何故『DMMバヌーシー』JRA参入は支持されるのか? 事業統括者・野本巧氏が語る「感動の共有」から見える馬主の「本懐」(特別インタビュー企画)
――ありがとうございました。最後に所属馬の情報配信についてお聞かせください。
現在のところ、週5日くらいのペースで公開できればと考えています。我々の考えにご賛同いただき、さまざまな面でご協力いただいている牧場の方々には、本当に感謝の言葉もございません。
近い将来、牧場側と連携して出資馬の見学ツアーも構想しています。あくまで可能性の段階ですが、例えばノーザンファームさんなど大きな牧場のツアーでしたら、最大1,000人くらいの大規模な見学ツアーも企画できるのではと考えています。

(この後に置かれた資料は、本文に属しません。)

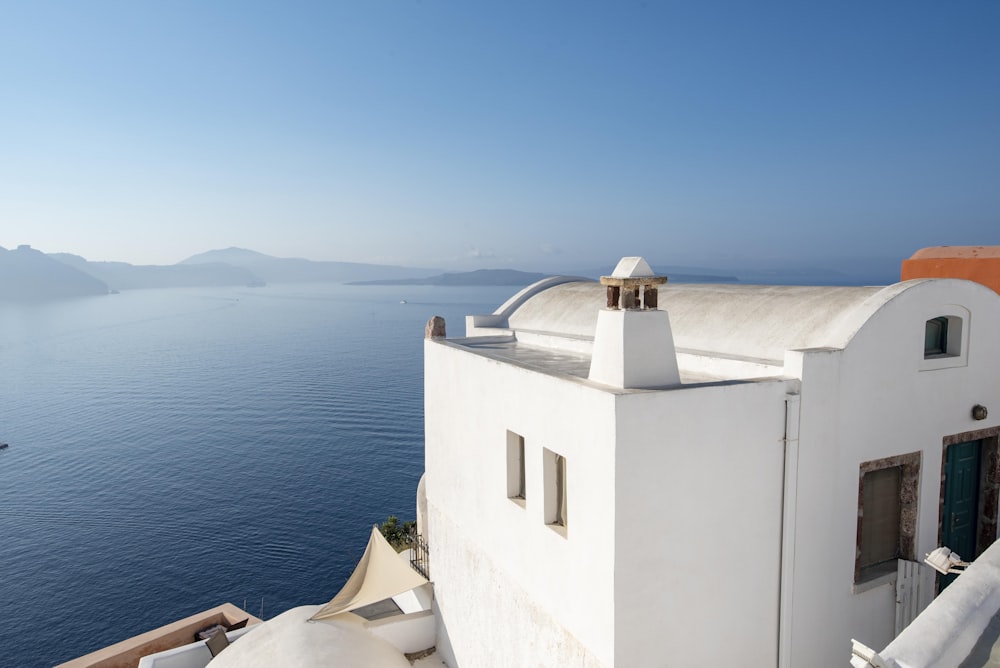 white painted building near sea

・馬が今ここで走っているのだという”密度”を感じていただきたい
野本氏が話す馬主の「ロマン」や「夢」、そして『DMMバヌーシー』がテーマとして掲げる「感動の共有」。これらが決して青臭い綺麗事でないことは、今の競馬界を見渡せば自ずと見えてくる。
昨年から今年にかけ競馬界の覇権を争ってきたのは、述べるまでもなくキタサンブラックとサトノダイヤモンドの2頭だ。だが、それぞれのオーナー・北島三郎氏と里見治氏は、そこに至るまでに膨大な時間と資金、そして何度となく破れた「夢」を注ぎ込んでいることでも有名だ。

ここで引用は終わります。